Config overlay hot-reload
Pool routing, timeout, and fail-mode configuration stored in Redis via the
config service (PUT /api/v1/config) is reloaded at runtime without restarting
the scheduler. Two mechanisms work together:
- NATS notification — When the API gateway writes config to Redis, it
publishes to
sys.config.changed. All scheduler replicas subscribe and reload immediately. - Polling fallback — Each replica polls Redis on a configurable interval (default 30 s) to catch any missed notifications.
Set SCHEDULER_CONFIG_RELOAD_INTERVAL to adjust the polling interval (e.g.
10s for faster convergence, 60s for lower overhead). On each reload the
scheduler compares content hashes and only applies changes when pool routing,
timeouts, or fail modes have actually changed.

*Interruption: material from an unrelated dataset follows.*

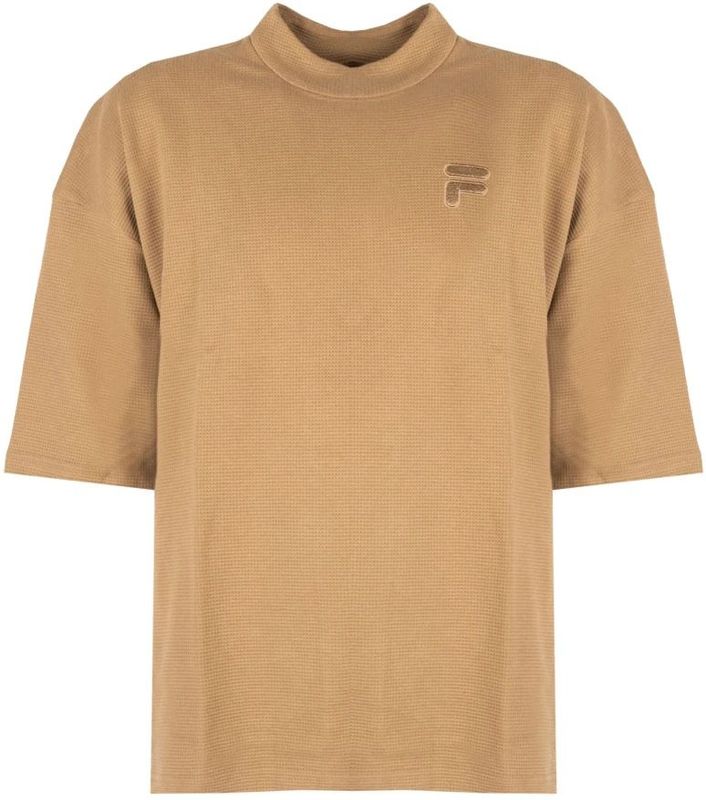 FILA Shirt 'COGOLIN'  lichtbruin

For the full reload flow and reset instructions, see the Config Reload section in the reference.
Dynamic pool lifecycle
Worker pools can be created, drained, and deleted at runtime without restarting any services. The scheduler picks up changes via config hot-reload (NATS notification or 30-second poll).
Lifecycle states
create → ACTIVE → drain → DRAINING → (auto) → INACTIVE → delete
- Active: Pool receives new job routing. Default state.
- Draining: Pool is removed from the routing table. In-flight jobs on workers complete normally. A background goroutine checks every 10 seconds and transitions to inactive when all jobs finish or the drain timeout expires.

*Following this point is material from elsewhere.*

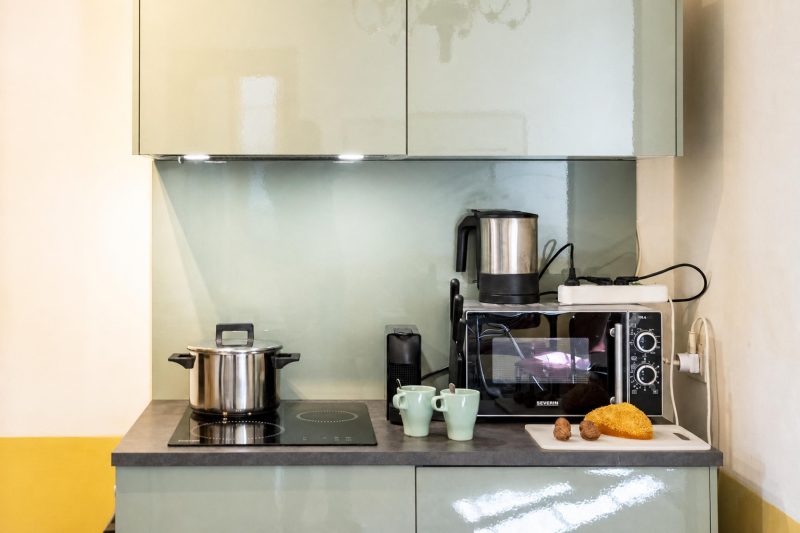 Precious Apartment Genova Historic Center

- Inactive: Pool is fully drained. Can be deleted or reactivated via update.
How it works
- API mutation:
PUT /api/v1/pools/{name}(or cordumctl, dashboard) writes tocfg:system:default.data.poolsviaSetWithRetry(optimistic locking). - NATS broadcast: Gateway publishes
sys.config.changedso all replicas reload immediately. - Scheduler reload:
watchConfigChangesdetects the change,buildRouting()rebuilds the routing table, filtering out draining and inactive pools. - Drain checker: Gateway background goroutine monitors draining pools, reads worker snapshot, and auto-transitions to inactive.
Pack overlays
Packs register pools via overlays/pools.patch.yaml in their bundle.

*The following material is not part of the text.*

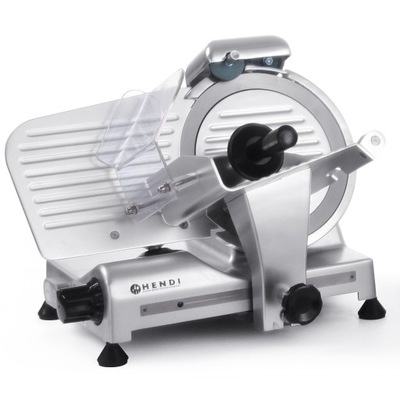 KRAJALNICA WĘDLIN PROFI LINE śr. 22cm HENDI 210048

During pack install, the overlay is merged into the system config via
json_merge_patch. Pack uninstall removes the overlay. The scheduler
picks up changes on the next reload cycle.
Management surfaces
| Surface | Commands |
|---|---|
| REST API | PUT/PATCH/DELETE /api/v1/pools/{name}, drain, topic management |
| Dashboard | Pools page (/pools) — create, edit, drain, delete, topic assignment |
| CLI | cordumctl pool list/get/create/update/delete/drain/topic |
NATS server durability (JetStream)
JetStream fsync cadence is controlled by sync_interval in the NATS server
config. Lower values improve crash durability at the cost of throughput.
- Compose: edit
config/nats.conf. - K8s base: edit the
cordum-nats-configConfigMap indeploy/k8s/base.yaml. - Production overlay: edit the
cordum-nats-configConfigMap indeploy/k8s/production/nats.yaml. - Helm: set
nats.jetstream.syncIntervalincordum-helm/values.yaml(or--set nats.jetstream.syncInterval=1s).
For full details, see docs/DOCKER.md.